=== EXERCISE ===
Among the entries below, how many lines contain the string "Used"? Only the number is wanted.
(Beginning of EXCERPTED DATA)
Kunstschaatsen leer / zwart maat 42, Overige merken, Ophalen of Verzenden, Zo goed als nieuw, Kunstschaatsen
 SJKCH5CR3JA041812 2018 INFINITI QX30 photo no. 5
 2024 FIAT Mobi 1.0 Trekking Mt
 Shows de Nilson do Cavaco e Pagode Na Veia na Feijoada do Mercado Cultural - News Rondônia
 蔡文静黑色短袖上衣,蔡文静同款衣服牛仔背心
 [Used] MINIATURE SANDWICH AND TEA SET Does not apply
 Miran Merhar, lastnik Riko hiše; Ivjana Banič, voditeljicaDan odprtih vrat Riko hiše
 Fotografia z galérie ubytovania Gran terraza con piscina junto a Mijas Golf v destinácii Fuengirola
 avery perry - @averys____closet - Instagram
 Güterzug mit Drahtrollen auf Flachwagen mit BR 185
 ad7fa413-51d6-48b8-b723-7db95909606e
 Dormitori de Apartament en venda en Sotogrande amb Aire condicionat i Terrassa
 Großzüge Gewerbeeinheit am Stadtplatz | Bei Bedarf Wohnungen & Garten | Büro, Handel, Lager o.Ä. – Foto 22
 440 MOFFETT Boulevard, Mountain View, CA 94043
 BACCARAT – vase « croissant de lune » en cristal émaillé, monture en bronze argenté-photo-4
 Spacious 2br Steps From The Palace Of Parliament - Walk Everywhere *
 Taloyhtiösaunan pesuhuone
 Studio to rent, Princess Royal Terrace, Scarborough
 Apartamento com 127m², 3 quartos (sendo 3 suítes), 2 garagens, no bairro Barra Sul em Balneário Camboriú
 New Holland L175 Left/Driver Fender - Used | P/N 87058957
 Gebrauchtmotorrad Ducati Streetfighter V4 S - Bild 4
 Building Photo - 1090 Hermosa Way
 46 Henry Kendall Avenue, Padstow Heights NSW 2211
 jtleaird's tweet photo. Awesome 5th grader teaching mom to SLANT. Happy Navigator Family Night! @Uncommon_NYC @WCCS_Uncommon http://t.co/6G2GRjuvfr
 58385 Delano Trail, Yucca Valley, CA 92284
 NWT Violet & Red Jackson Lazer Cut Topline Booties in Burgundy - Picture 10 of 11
(End of EXCERPTED DATA)
=== RESULT OF THIS EXERCISE ===
2